**Material for this task:**

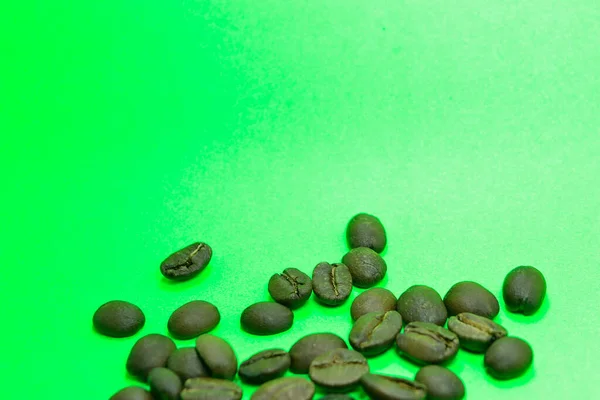 Verspreide Koffiebonen Met Groene Achtergrond — Stockfoto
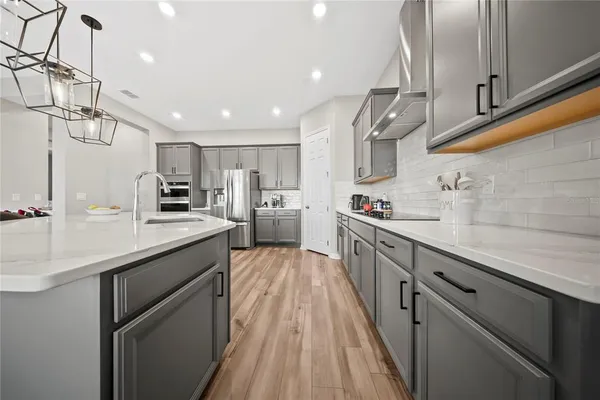 a kitchen with stainless steel appliances granite countertop a sink and refrigerator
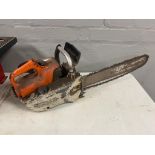 A petrol chain saw by Stihl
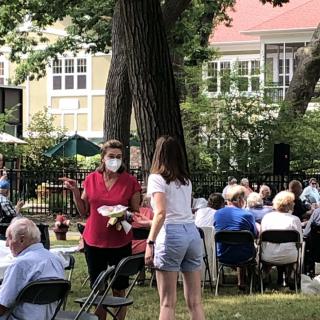 A community gathering outdoors with people seated at tables in a park-like setting.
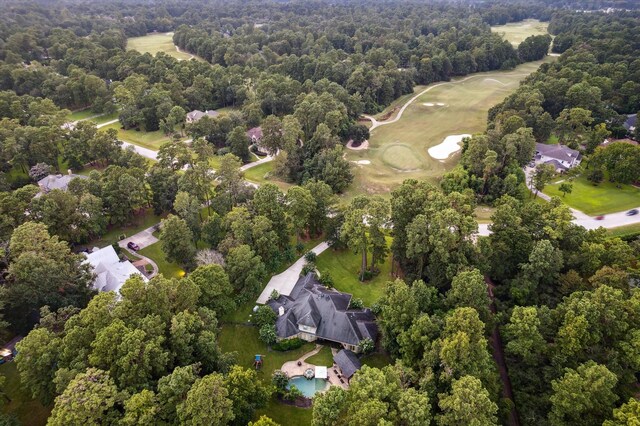 10250 Clubhouse Cir, Magnolia, TX 77354 - aerial view of property and surrounding area with a local golf course and a heavily wooded area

**Requirement:** Return exactly the lines that begin with the one containing "a kitchen with" and end with the final line of the data above; include no pictures.

**Answer section:**
 a kitchen with stainless steel appliances granite countertop a sink and refrigerator
 A petrol chain saw by Stihl
 A community gathering outdoors with people seated at tables in a park-like setting.
 10250 Clubhouse Cir, Magnolia, TX 77354 - aerial view of property and surrounding area with a local golf course and a heavily wooded area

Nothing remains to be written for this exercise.